(PRWEB) July 7, 2006
As the pension crisis is developing in UK, alarming proposals are headlining in UK press. The headline causing public outcry has suggested increasing pensionable age to 68. The new proposal has been welcomed by some spectators, but appears harsh in the light of record profits earned by banks in 2005.
The new proposal to introduce a compulsary 3% contribution on employers, including small businesses, made headline news in the FSB June/July newsletter. It appears even more unreasonable when it is publically recognised that some very small businesses may be forced to cut down on staff or even shut their doors. It may increase barriers to entry in many markets, strengthening the competitive position of established businesses and making life harder for new entrepreneurs.
The top rate of corporation tax is still 30% at profits of £1.5m, lower than the top rate of personal income tax at 40% at income of £33,300 per annum.
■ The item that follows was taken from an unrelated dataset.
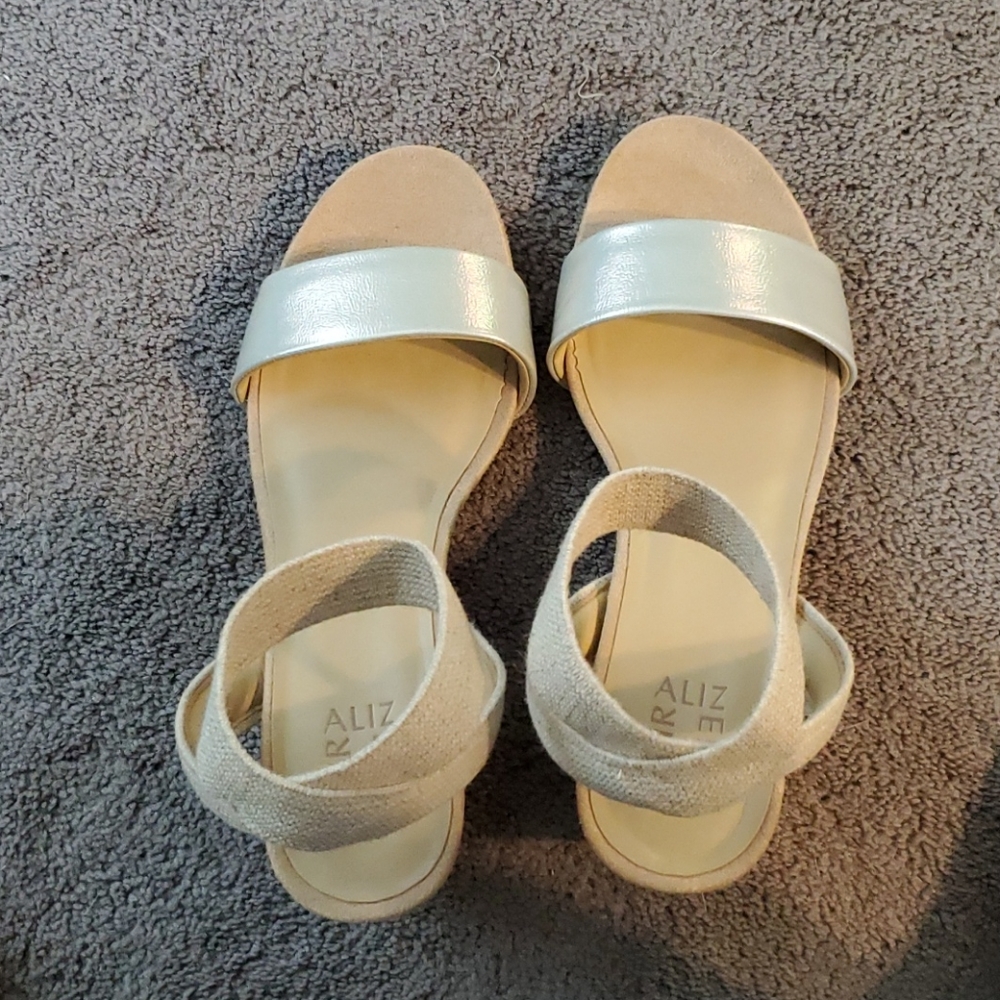 Naturalizer Wedge Sandal CrissCross Back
Employers' National Insurance contributions are slightly higher at 12.8% than 11% contributed by salaried employees, but this rate is charged on the total income of employees, whilst businesses receive a tax deductible expense for their contribution, taking relief from reduced wage increases and corporation tax bills.
Employees are hard hit by the current tax regime, and first time buyers are having a difficult time getting on the property ladder.
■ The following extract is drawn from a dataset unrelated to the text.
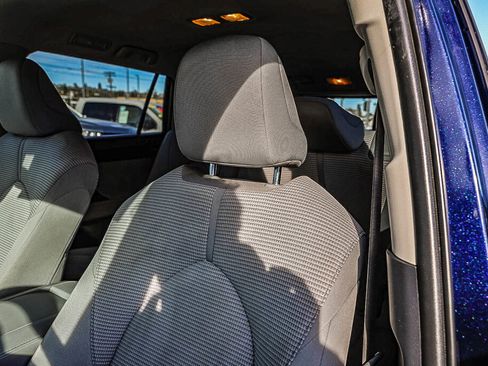 Certified 2023 Toyota Highlander LE image 16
In stark comparison, HSBC reported awards for record pre-tax profits of £11.5bn in 2005. The combined pension deficit of FTSE 100 companies was in the region of £37bn in mid 2005, around £0.37bn on average per company. A £0.37bn contribution from HSBC to the pension deficit would hardly be felt.
It is interesting that no new proposals have been raised to increase the rate of tax on 'super-profits' that could directly be applied to reduce the pensions deficit. A top tax rate at profit levels of £1.5m appears absurd in the face of profits of £11.5bn which have been achieved.
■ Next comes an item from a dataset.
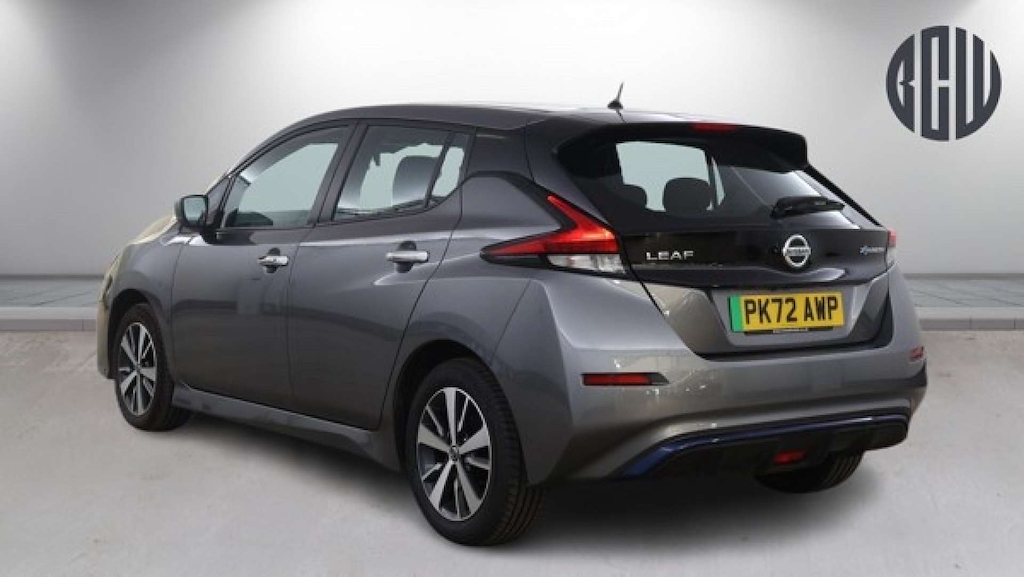 2022 Nissan Leaf — image 3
They can 'adjust prices, offer lower wage increases and absorb costs through profits', quoting the response from the DWP spokesperson to a statement by Sir Digby that £500m would be needed to help small businesses meet the cost of the proposed compulsary contribution of 3%. Small change for HSBC.
Investing in UK pension plans appears to be on par with the safety net provided by sports betting in the present climate.
The free online audit and accounting service website http://www.easybooks.741.com has published an article in July 2006 to assist individuals with total retirement planning, which can be viewed at http://www.easybooks.741.com/pension.html.
The guide takes a look at the pension market, exploring possible reasons for pension deficit. It proposes solutions to grow capital that individuals can add to occupational pension payouts to reduce pension shortfalls. New guidance on managing debt via refinance has been published at http://www.easybooks.741.com/debtindex.html to supplement guidance on increasing wealth to plan for retirement.
In the light of government attitude that employees in business are responsible for the pension crisis when they do not take part in business profit sharing, it seems the only option is for individuals to take full responsibility for their own pension planning.